Work to complete | Restate all the lines below word for word, but omit the pictures.

*** Recorded data ***

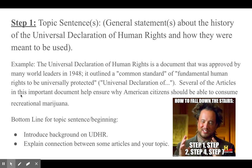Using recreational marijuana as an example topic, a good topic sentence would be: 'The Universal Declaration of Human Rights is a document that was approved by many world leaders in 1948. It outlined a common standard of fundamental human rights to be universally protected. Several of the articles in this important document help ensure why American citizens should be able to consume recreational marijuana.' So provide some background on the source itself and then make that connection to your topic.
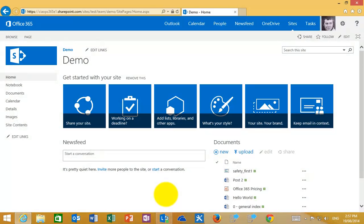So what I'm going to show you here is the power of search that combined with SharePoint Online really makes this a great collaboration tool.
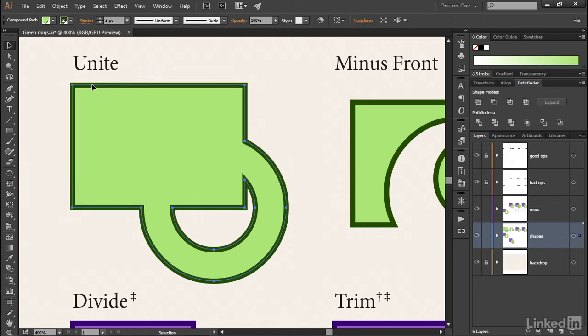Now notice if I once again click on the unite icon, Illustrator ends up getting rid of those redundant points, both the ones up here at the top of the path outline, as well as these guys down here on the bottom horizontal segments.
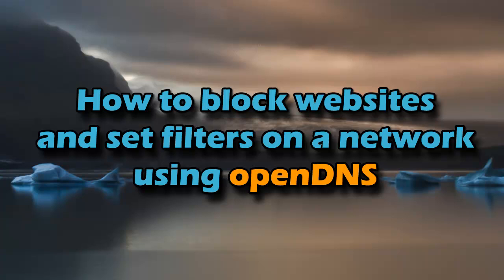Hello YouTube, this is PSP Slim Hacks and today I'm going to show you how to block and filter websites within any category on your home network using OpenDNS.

***

Output below |
Using recreational marijuana as an example topic, a good topic sentence would be: 'The Universal Declaration of Human Rights is a document that was approved by many world leaders in 1948. It outlined a common standard of fundamental human rights to be universally protected. Several of the articles in this important document help ensure why American citizens should be able to consume recreational marijuana.' So provide some background on the source itself and then make that connection to your topic.
So what I'm going to show you here is the power of search that combined with SharePoint Online really makes this a great collaboration tool.
Now notice if I once again click on the unite icon, Illustrator ends up getting rid of those redundant points, both the ones up here at the top of the path outline, as well as these guys down here on the bottom horizontal segments.
Hello YouTube, this is PSP Slim Hacks and today I'm going to show you how to block and filter websites within any category on your home network using OpenDNS.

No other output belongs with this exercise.